I was feeling a little down and today I had a few difficult things to do, still no point in worrying about it, just get on with it. Before we set out I made sure we had extra money with us, my credit and debit cards, and most important here, my passport.
Viv had brought a coat with her last time. It was good quality but it belonged to a friend of our daughters and fitted her like a sausage skin. It was totally unsuitable for any of our friends here so she just wanted to put it out with the trash. I was having non of this and said it is far too good to go in the rubbish, I would take it to the ferria around the corner. Now I did not expect much, the shops are full of stuff and I don’t think that they have a rapid turnover. I would be happy for $5 or $10 if not I would take it to the next one and just say “have it”. The guy in the shop looked at it called the lady from the back and she examined it then offered me $30. I tried not to look too pleased as I accepted her offer. No doubt I could have haggled her up, but hey this was going in the bin. I gave Viv the $30 and we set off for town.

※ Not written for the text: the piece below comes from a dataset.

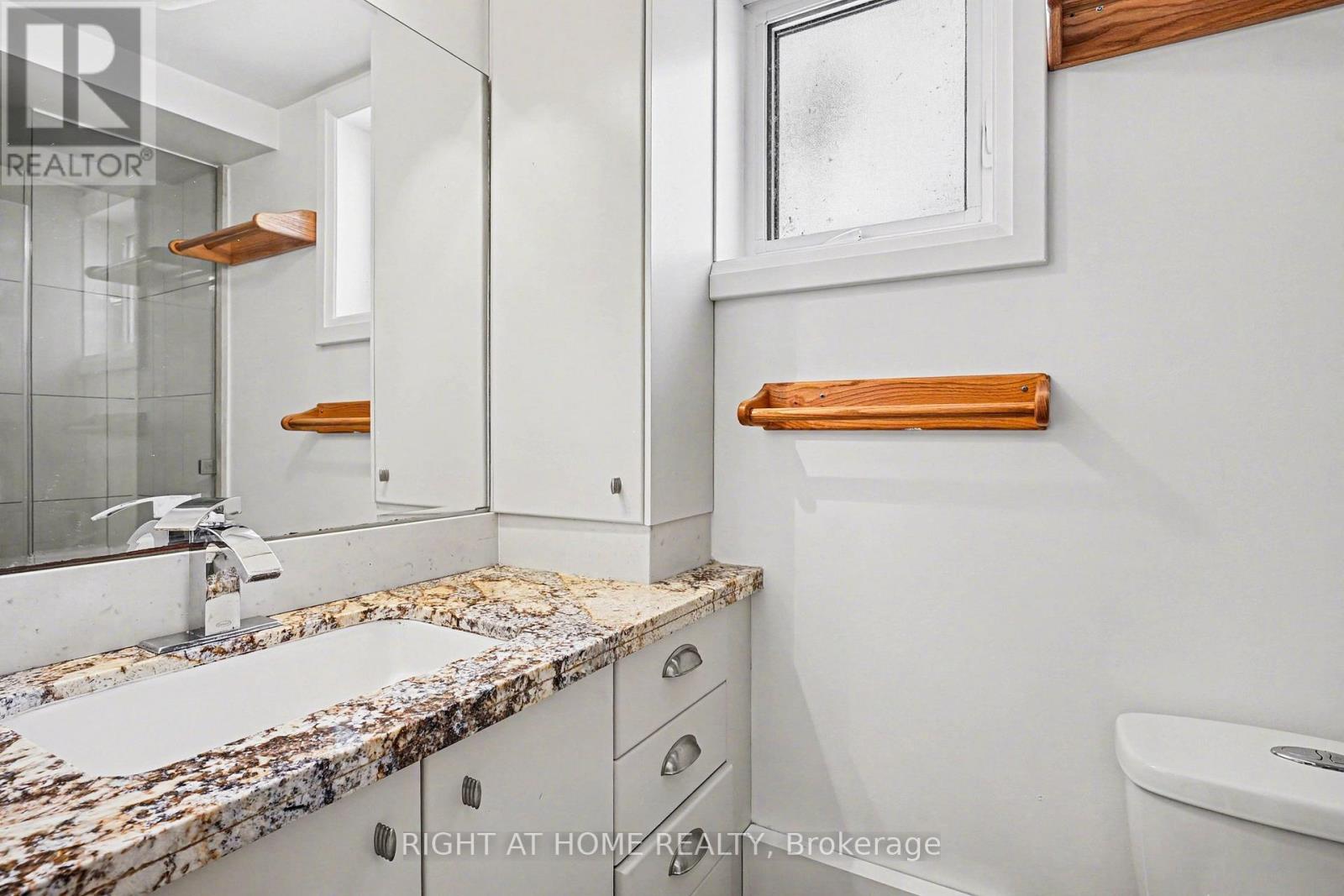 174 Rosethorn Avenue, Toronto, Ontario  M6N 3L4 - Photo 25 - W12988992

I had the location of Monedero Central from the link that Janis had sent me, so that was our next stop. Again Viv had been badgering me to just throw the non functioning card away, but I had a kind of emotional attachment to my card and I know that we use this same type of card in work for the vending machines and there they can recharge them. We found the office, and as usual there was a queue. It did not take long to deal with the two in front of me so soon we stood inside the little glass office. “esta tarjeta no funciona” I said. She held her hand out for the card and I passed it to her. She asked me for my passport (I knew it would come in handy) and said it had $32. She then showed me the new card and said “es el mismo” She put my $32 on it and said “listo”.
Result, two out of three and already $62 up. The next stop we did not think would be so easy: A pair of shoes Viv had bought on our last visit had a wonky heel. She could not sell them and we needed to exchange them at Comme Il Faut. Now Alicia can seem a bit short at times and even I did not think we would have a great success but we went in, anyway.
The girl who met us could not have been more helpful. She tried straightening it up then said she could send it back to the workshop for repair. I asked if we could exchange instead, to which she agreed. So Viv came out with a new pair of Comm Il Faut’s and even Alicia came out and gave us a smile. Unfortunately they do not have the mouse mats any more, but hey on a day that’s going so well it would be churlish to complain.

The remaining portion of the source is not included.